The nova-compute service makes sure that existing instances with PCI
allocations in the nova DB will have a corresponding PCI allocation in
placement. This allocation healing also acts on any new instances
regardless of the status of the scheduling part of this feature to make
sure that the nova DB and placement are in sync. There is one limitation
of the healing logic. It assumes that there is no in-progress migration
when the nova-compute service is upgraded. If there is an in-progress
migration then the PCI allocation on the source host of the migration
will not be healed. The placement view will be consistent after such
migration is completed or reverted.

Reconfiguring the PCI devices on the hypervisor or changing the pci.device_spec configuration option
and restarting the nova-compute service is supported in the following
cases:

  • new devices are added
  • devices without allocation are removed

Removing a device that has allocations is not supported. If a device
having any allocation is removed then the nova-compute service will keep
the device and the allocation exists in the nova DB and in placement and
logs a warning. If a device with any allocation is reconfigured in a way
that an allocated PF is removed and VFs from the same PF is configured
(or vice versa) then nova-compute will refuse to start as it would
create a situation where both the PF and its VFs are made available for
consumption.

For deeper technical details please read the nova
specification.

Virtual IOMMU support

With provided hw:viommu_model flavor extra spec or
equivalent image metadata property hw_viommu_model and with
the guest CPU architecture and OS allows, we can enable vIOMMU in
libvirt driver.

Note

Enable vIOMMU might introduce significant performance overhead. You
can see performance comparision table from AMD
vIOMMU session on KVM Forum 2021
. For the above reason, vIOMMU
should only be enabled for workflow that require it.

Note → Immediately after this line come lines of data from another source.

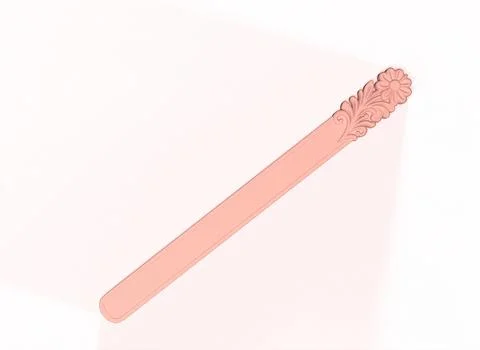 Stylized bookmarks for books with different patterns and animals on an isol.. イラスト素材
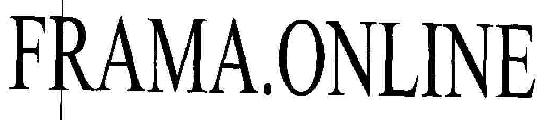 Frama . Online Device mark 1802073 Trademark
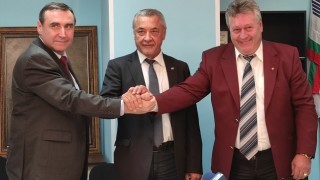 НФСБ регистрира заедно с БНДС Целокупна България и БДС Радикали коалиция
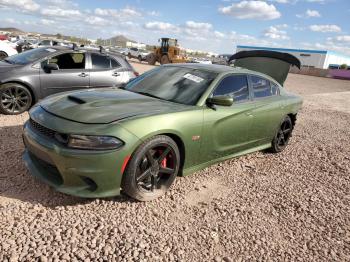  Salvage Dodge Charger
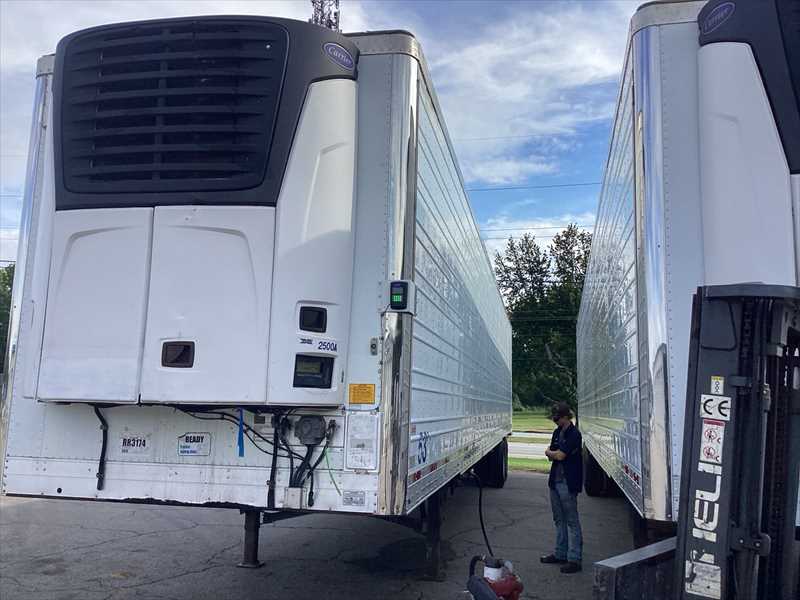 2011 Utility Reefer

Here are four possible values allowed for
hw:viommu_model (and hw_viommu_model):

virtio

Supported on Libvirt since 8.3.0, for Q35 and ARM virt guests.

smmuv3

Supported on Libvirt since 5.5.0, for ARM virt guests.

intel

Supported for for Q35 guests.

auto

This option will translate to virtio if Libvirt
supported, else intel on X86 (Q35) and smmuv3
on AArch64.

For the viommu attributes:

  • intremap, caching_mode, and
    iotlb options for viommu (These attributes are driver
    attributes defined in Libvirt IOMMU
    Domain
    ) will direcly enabled.
  • eim will directly enabled if machine type is Q35.
    eim is driver attribute defined in Libvirt IOMMU
    Domain
    .

Note

eim(Extended Interrupt Mode) attribute (with possible values on and
off) can be used to configure Extended Interrupt Mode. A q35 domain with
split I/O APIC (as described in hypervisor features), and both interrupt
remapping and EIM turned on for the IOMMU, will be able to use more than
255 vCPUs. Since 3.4.0 (QEMU/KVM only).

  • aw_bits attribute can used to set the address width to
    allow mapping larger iova addresses in the guest. Since Qemu current
    supported values are 39 and 48, we directly set this to larger width
    (48) if Libvirt supported. aw_bits is driver attribute
    defined in Libvirt IOMMU
    Domain
    .